• ABOUT THIS EXERCISE: The entire listing, reproduced exactly and stripped of images, is the expected output.

• GIVEN MATERIAL:
[Start of Attachment]
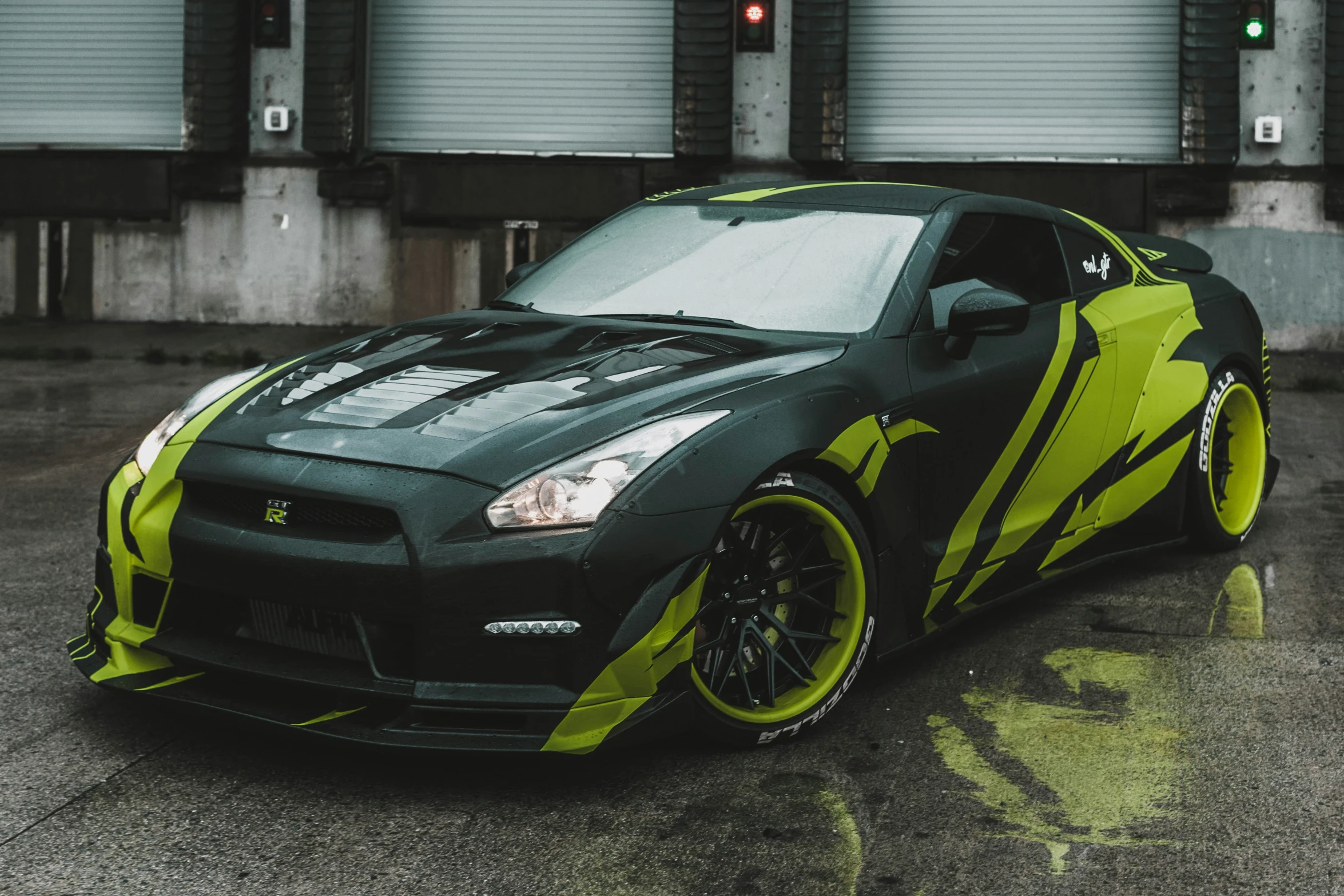 a green sports car parked in front of two buildings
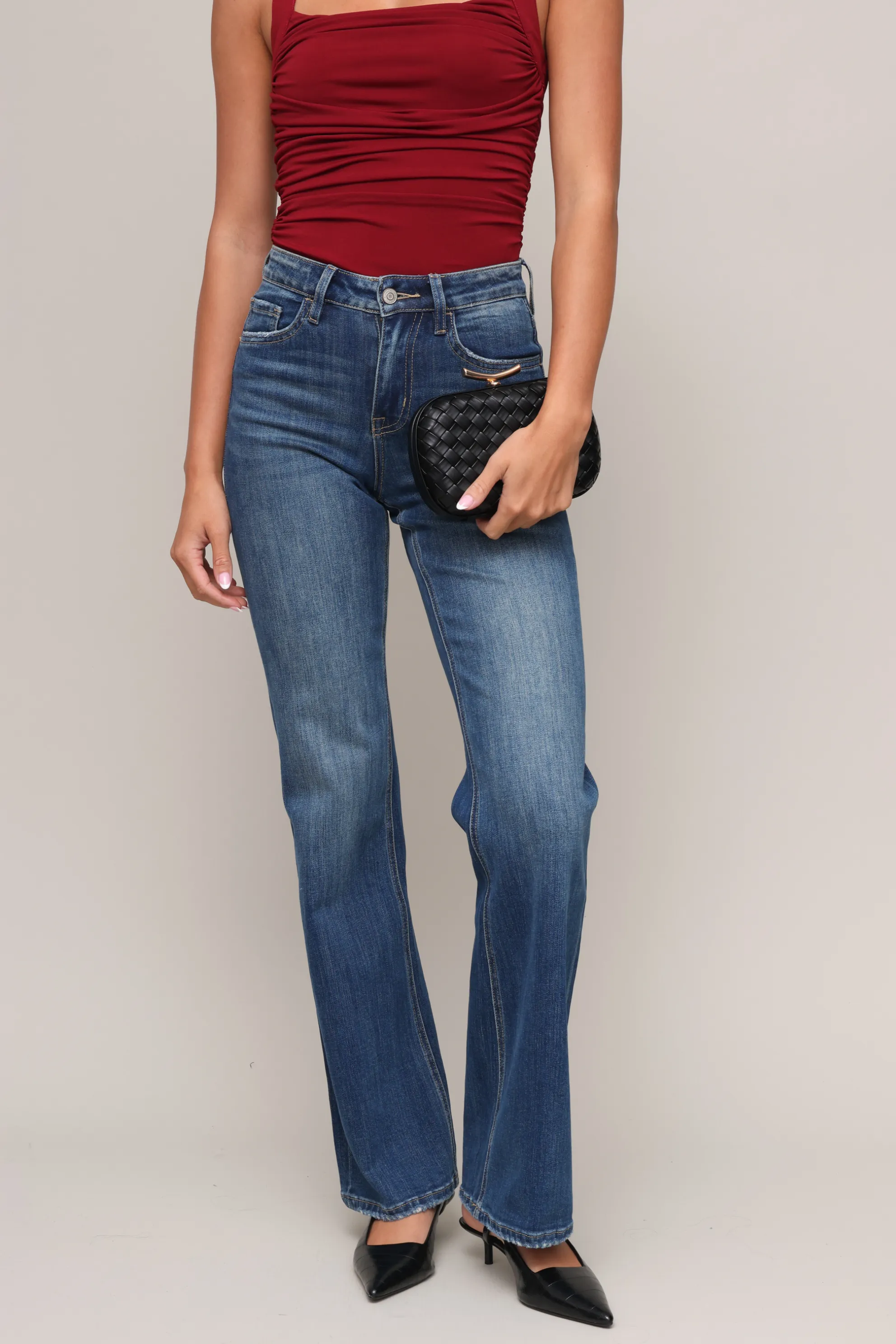 Rya Woven clutch sold by Mixology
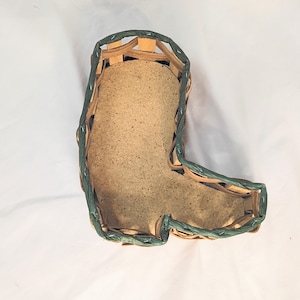 May include: A woven basket in the shape of a boot, with a light brown interior and a green woven border. The basket is made of natural materials and is likely used for storage or decoration. The boot-shaped design adds a unique touch.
[End of Attachment]
• SOLUTION TO THE EXERCISE:
 a green sports car parked in front of two buildings
 Rya Woven clutch sold by Mixology
 May include: A woven basket in the shape of a boot, with a light brown interior and a green woven border. The basket is made of natural materials and is likely used for storage or decoration. The boot-shaped design adds a unique touch.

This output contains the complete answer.